In a massive act of generosity Catherine Grant encouraged me to use my resistance as the starting point to my contribution to the symposium.

My reticence about watching the film was a response to the difficulties around rediscovering ‘lost stories’.  When Pride came out it was heralded as an inspiring lost story perfect for our troubled times.  Unlike the Left’s response at the time, different strands of the Left vied with each other to be inspired by LGSM in the here and now.

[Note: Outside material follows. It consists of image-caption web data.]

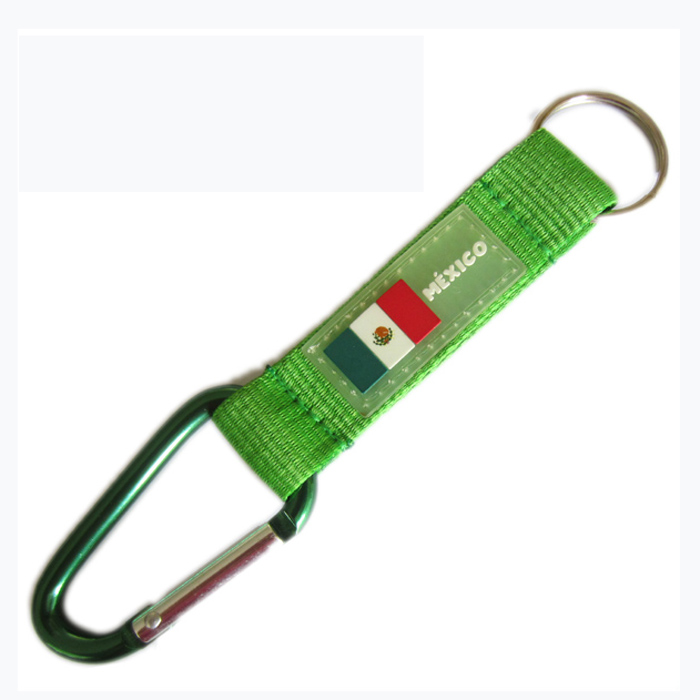 PVC custom logo polyester carabiner key holder strap factory
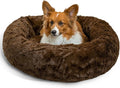 Best Friends by Sheri The Original Calming Donut Dog Bed – Washable Plush Pet Bed for Medium Breeds up to 45 lbs, Lux Faux Fur, Dark Brown, Medium (30" x 30")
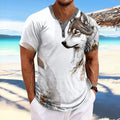 Men's 3D Wolf & Tiger Print Henley Shirt – Short Sleeve Streetwear Tee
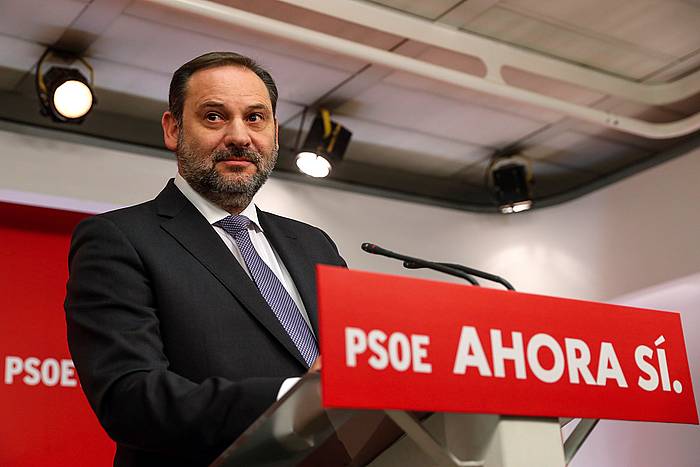 Jose Luis Abalos PSOEko Antolakuntza idazkari nagusia, gaurko agerraldian. EMILIO NARANJO, EFE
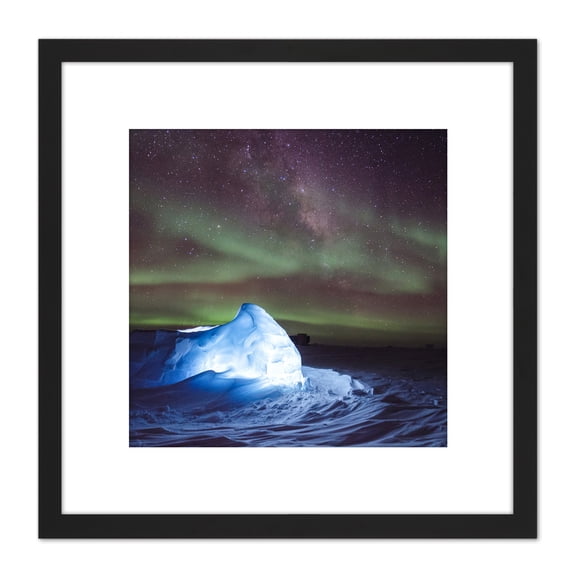 Burgener Southern Lights Aurora Igloo Photo 8X8 Inch Square Wooden Framed Wall Art Print Picture with Mount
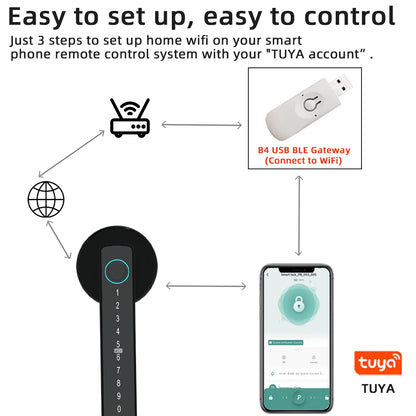 RAYKUBE M5 Tuya BLE Smart Fingerprint Door Lock Password, IC Card, Key & Tuya App Unlock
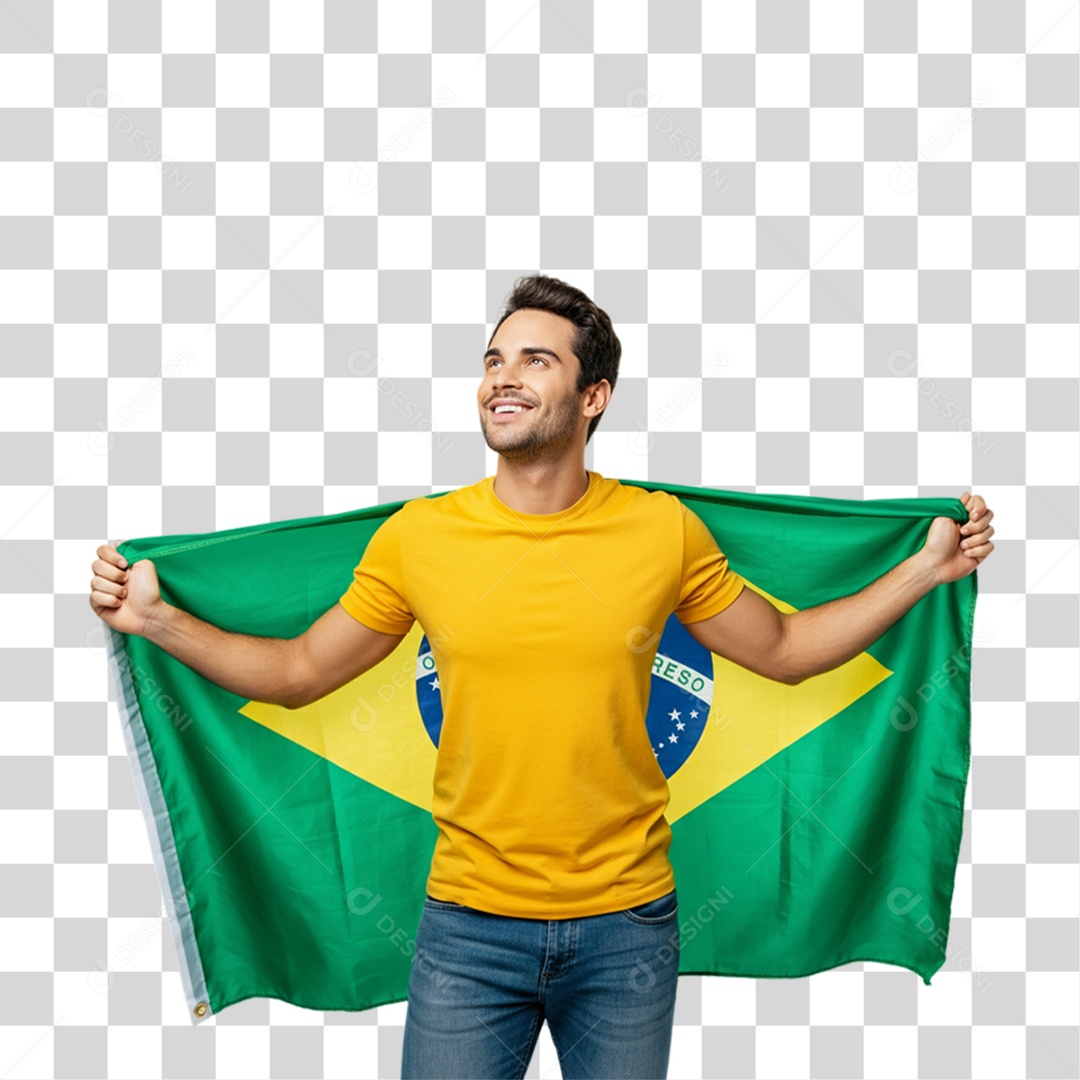Homem com Camisa Amarela Dia da Proclamação da Republica PNG Transparente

Anti UKIP activists , Left Unity ( who can claim the inheritance of LGSM as three of the group are now associated with Left Unity), Solidarity in Australia, Socialist Review and The Morning Star all found Pride ‘inspiring’. The Morning Star can rightly claim Mark Ashton as one of their own.  He was the secretary of the Young Communist League. The Morning Star can also rightly bemoan the forgetting of that particular fact by the film.  It has been noted that we might be allowed to have out gay heroes now, but not self-proclaimed communists)

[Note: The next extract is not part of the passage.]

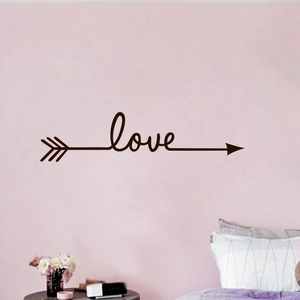 Modern LOVE arrow wall decal in dark brown finish for bedroom interior decoration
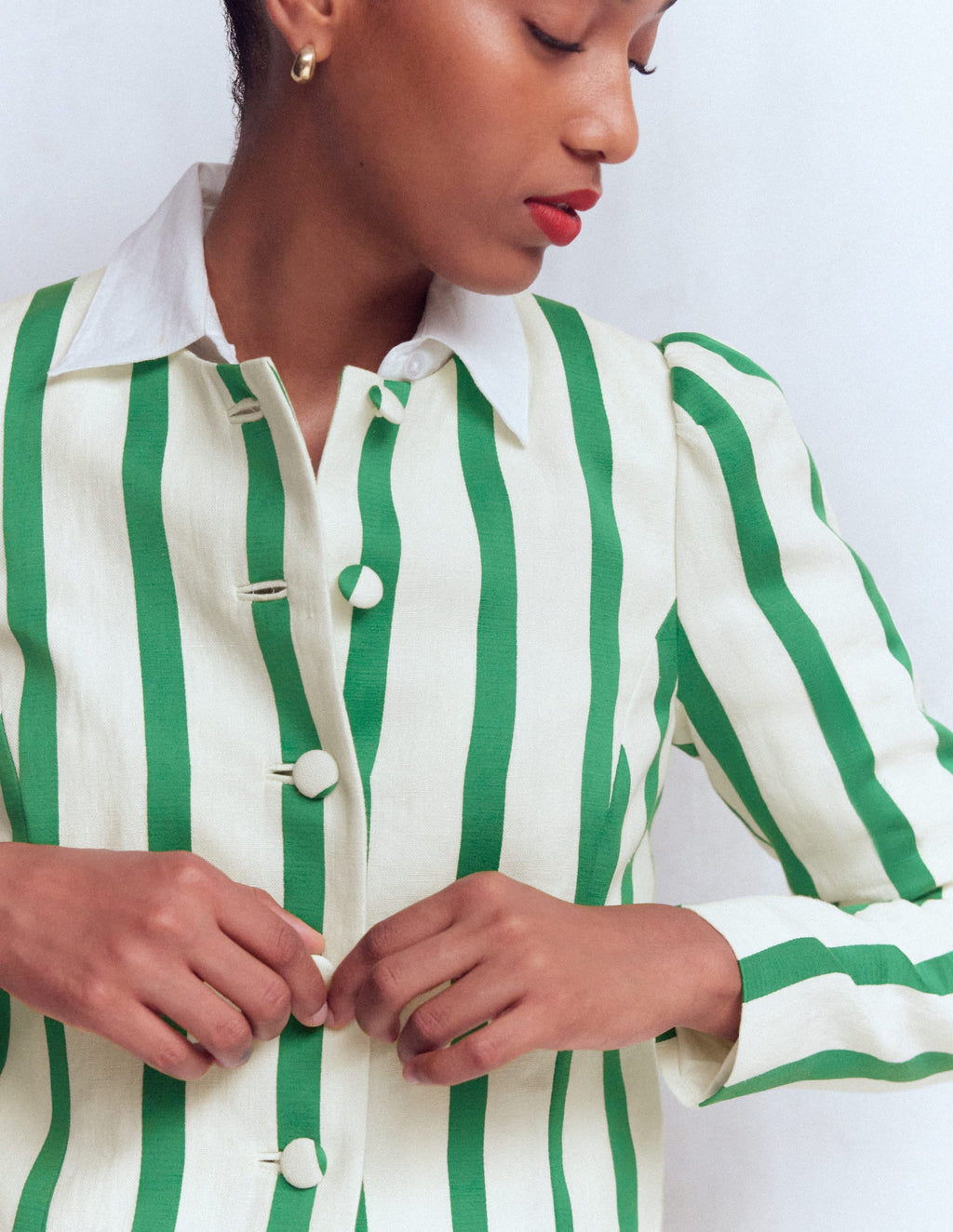 Salisbury Puff Sleeve Jacket-Ivory, Fresh Green Stripe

My first thoughts about the importance, and perhaps my resistance, to the inspiring power of Pride were around the importance of understanding not just how some stories get remembered, but how they get wilfully forgotten too. I’ve got no interest in whether the film is accurate or not, but I am interested in how it wields its stories, and its sense of authenticity.  I wrote about LGSM and the intersections between gay activism, trade union solidarity, popular culture and the organised Left in my Phd and then in my first book Gay Men and the Left.  I suppose it isn’t surprising then that I was resistant to the idea of LGSM as a forgotten story to be rediscovered in a moving inspiring film.  Of course overly wordy analysis in an academic book doesn’t constitute a central role in popular historical memory.  It did rather rub my nose in the moat around the ivory tower that something I had spent months of my life researching, writing and talking about was seen as hitherto unacknowledged.  Take that Impact Agenda – I wrote a book and no-one noticed.

But this isn’t sour grapes.  It is the point.  Whilst we might be driven to colonise unchartered territory in our academic work in the name of originality, there is something much more interesting going on when a story is designated forgotten, and then re-designated as remembered.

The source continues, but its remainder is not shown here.